What you should do: Return verbatim the run of lines that opens with the line holding "Solid Teak Wood" and closes with the last line of the records.

[Dataset excerpts]

_ _ _ _ _ _ _

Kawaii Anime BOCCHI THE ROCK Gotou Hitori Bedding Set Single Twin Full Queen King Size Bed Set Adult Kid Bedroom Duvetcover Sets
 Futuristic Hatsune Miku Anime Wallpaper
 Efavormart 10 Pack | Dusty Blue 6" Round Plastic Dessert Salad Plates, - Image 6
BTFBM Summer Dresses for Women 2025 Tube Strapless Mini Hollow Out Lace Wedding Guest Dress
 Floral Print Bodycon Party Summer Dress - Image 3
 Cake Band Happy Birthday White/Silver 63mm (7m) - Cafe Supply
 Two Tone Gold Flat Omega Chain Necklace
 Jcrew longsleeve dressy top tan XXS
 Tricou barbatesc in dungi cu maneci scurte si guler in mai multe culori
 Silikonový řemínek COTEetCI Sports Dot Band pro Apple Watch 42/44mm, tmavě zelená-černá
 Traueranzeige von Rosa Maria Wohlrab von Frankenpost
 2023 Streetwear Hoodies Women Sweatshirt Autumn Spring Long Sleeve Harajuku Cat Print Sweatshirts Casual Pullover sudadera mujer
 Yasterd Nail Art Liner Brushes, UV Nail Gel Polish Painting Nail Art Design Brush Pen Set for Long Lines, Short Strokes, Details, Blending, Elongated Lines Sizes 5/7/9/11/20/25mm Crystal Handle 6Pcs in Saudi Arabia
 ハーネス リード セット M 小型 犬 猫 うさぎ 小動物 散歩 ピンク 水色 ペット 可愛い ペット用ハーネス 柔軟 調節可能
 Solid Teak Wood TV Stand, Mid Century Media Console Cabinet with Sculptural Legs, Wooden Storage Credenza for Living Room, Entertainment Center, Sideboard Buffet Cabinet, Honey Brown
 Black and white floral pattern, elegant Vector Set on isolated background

_ _ _ _ _ _ _

Output below:
 Solid Teak Wood TV Stand, Mid Century Media Console Cabinet with Sculptural Legs, Wooden Storage Credenza for Living Room, Entertainment Center, Sideboard Buffet Cabinet, Honey Brown
 Black and white floral pattern, elegant Vector Set on isolated background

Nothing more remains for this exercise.